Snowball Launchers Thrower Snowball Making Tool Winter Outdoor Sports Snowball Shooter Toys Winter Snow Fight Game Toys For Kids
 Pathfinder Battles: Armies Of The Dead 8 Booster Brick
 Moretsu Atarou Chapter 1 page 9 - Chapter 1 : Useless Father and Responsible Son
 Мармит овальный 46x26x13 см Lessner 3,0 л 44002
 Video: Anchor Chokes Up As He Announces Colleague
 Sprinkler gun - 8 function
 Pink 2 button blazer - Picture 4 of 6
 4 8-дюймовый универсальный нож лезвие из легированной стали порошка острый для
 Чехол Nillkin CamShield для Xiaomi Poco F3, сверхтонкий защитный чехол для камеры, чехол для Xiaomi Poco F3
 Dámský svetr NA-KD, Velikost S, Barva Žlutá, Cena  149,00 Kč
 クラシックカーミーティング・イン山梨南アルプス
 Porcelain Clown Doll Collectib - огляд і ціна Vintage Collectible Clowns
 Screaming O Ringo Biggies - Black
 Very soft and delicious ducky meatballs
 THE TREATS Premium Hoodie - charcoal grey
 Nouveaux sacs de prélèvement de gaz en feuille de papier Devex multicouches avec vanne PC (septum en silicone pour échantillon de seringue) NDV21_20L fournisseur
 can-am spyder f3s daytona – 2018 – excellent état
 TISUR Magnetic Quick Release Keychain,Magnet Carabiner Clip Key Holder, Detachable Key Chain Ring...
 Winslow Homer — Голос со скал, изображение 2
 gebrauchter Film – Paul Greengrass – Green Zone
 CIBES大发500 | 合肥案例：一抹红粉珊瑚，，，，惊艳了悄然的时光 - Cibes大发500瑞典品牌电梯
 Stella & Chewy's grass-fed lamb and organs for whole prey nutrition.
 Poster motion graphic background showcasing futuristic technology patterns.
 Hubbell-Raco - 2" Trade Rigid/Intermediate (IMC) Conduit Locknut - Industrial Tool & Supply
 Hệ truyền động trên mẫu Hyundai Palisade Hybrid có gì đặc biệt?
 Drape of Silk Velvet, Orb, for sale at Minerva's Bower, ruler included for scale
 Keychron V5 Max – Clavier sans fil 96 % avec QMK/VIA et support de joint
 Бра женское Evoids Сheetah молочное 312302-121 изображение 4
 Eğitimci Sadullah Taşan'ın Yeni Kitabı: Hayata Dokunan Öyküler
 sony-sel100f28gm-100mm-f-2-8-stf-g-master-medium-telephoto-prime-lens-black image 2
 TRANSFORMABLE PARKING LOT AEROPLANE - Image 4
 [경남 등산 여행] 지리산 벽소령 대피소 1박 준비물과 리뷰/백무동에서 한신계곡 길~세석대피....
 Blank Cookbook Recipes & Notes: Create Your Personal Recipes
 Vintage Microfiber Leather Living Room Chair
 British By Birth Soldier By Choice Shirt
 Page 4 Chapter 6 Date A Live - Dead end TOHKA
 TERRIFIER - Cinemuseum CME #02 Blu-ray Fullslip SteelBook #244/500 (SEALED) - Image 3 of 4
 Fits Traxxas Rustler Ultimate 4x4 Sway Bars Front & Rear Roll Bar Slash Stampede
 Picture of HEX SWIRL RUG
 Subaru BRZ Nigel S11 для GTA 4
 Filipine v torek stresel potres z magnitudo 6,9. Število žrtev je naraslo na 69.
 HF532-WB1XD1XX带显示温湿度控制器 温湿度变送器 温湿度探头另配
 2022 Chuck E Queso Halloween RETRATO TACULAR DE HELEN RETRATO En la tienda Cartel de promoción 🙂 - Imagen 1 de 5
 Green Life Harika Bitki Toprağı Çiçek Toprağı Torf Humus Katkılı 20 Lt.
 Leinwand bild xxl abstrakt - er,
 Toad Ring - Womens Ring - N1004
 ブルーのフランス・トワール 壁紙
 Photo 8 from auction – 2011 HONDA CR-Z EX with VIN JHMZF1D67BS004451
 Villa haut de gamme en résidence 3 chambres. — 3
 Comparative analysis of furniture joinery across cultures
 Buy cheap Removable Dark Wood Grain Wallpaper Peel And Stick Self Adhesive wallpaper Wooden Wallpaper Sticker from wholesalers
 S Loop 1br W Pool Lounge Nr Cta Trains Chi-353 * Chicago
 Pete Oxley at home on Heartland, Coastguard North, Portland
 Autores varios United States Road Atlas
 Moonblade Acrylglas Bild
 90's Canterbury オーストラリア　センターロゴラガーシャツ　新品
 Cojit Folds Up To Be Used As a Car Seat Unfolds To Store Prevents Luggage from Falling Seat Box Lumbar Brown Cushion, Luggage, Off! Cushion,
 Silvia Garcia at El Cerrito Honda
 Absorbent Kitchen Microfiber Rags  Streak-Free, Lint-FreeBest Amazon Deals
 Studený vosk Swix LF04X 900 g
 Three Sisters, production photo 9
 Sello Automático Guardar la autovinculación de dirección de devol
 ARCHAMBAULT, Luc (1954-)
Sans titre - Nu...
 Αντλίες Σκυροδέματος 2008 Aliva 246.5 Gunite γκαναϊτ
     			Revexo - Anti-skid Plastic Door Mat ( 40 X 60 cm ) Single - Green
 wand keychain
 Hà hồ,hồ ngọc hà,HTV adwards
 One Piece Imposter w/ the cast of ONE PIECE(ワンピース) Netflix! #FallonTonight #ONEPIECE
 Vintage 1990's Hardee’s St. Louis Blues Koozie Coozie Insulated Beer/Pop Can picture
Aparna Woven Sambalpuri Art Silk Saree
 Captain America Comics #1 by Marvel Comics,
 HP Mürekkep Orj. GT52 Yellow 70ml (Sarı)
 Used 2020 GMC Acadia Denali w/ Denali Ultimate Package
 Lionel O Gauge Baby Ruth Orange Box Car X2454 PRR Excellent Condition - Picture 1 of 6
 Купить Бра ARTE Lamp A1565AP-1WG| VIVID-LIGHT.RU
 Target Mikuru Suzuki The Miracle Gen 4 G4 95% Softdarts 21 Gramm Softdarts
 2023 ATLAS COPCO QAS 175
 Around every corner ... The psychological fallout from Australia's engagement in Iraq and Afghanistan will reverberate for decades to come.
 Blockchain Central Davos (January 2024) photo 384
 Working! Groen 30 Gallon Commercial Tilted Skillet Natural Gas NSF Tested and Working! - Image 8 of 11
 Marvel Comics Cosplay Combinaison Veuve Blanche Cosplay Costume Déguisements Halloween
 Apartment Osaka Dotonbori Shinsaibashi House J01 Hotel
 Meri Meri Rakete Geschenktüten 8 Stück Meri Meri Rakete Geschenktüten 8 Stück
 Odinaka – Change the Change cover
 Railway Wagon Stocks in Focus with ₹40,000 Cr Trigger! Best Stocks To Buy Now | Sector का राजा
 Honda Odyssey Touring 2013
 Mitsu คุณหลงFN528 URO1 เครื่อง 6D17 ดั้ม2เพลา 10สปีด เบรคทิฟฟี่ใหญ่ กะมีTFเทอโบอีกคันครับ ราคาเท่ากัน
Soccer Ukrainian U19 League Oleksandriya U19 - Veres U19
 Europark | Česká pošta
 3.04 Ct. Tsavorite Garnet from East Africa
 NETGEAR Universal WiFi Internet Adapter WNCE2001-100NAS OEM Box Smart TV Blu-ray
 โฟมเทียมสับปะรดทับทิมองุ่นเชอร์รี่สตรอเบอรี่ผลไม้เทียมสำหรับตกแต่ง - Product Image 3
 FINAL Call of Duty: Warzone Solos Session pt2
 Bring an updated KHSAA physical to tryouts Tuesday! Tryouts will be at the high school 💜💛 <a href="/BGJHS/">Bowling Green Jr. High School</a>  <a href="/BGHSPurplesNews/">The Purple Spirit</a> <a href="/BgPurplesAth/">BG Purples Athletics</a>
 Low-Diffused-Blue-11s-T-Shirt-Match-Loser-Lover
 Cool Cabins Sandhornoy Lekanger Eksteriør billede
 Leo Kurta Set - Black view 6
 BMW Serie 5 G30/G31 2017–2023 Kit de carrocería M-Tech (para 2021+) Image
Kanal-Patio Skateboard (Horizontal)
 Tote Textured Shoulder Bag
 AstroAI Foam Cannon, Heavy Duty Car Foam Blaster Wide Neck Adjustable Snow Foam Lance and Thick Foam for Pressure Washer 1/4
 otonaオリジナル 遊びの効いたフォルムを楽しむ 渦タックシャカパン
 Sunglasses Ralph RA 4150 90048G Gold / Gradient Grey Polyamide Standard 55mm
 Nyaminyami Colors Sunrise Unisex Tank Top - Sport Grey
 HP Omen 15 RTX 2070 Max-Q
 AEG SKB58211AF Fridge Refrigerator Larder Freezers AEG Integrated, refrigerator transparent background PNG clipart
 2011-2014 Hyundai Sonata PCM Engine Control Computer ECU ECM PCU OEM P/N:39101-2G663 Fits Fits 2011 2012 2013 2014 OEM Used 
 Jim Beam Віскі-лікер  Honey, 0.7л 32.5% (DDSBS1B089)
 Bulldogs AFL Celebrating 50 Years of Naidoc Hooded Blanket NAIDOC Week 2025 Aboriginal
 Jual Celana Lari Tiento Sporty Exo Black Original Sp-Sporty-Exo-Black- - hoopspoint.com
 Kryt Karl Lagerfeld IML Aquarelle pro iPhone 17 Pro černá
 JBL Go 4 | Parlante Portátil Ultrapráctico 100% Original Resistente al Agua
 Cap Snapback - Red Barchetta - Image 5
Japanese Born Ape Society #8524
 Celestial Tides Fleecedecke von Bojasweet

- _What is required_
Starting at the first line of the data above, retype each line exactly until you reach the line containing "can-am spyder f3s", and include that line too.

- _Solution to the exercise_
Snowball Launchers Thrower Snowball Making Tool Winter Outdoor Sports Snowball Shooter Toys Winter Snow Fight Game Toys For Kids
 Pathfinder Battles: Armies Of The Dead 8 Booster Brick
 Moretsu Atarou Chapter 1 page 9 - Chapter 1 : Useless Father and Responsible Son
 Мармит овальный 46x26x13 см Lessner 3,0 л 44002
 Video: Anchor Chokes Up As He Announces Colleague
 Sprinkler gun - 8 function
 Pink 2 button blazer - Picture 4 of 6
 4 8-дюймовый универсальный нож лезвие из легированной стали порошка острый для
 Чехол Nillkin CamShield для Xiaomi Poco F3, сверхтонкий защитный чехол для камеры, чехол для Xiaomi Poco F3
 Dámský svetr NA-KD, Velikost S, Barva Žlutá, Cena  149,00 Kč
 クラシックカーミーティング・イン山梨南アルプス
 Porcelain Clown Doll Collectib - огляд і ціна Vintage Collectible Clowns
 Screaming O Ringo Biggies - Black
 Very soft and delicious ducky meatballs
 THE TREATS Premium Hoodie - charcoal grey
 Nouveaux sacs de prélèvement de gaz en feuille de papier Devex multicouches avec vanne PC (septum en silicone pour échantillon de seringue) NDV21_20L fournisseur
 can-am spyder f3s daytona – 2018 – excellent état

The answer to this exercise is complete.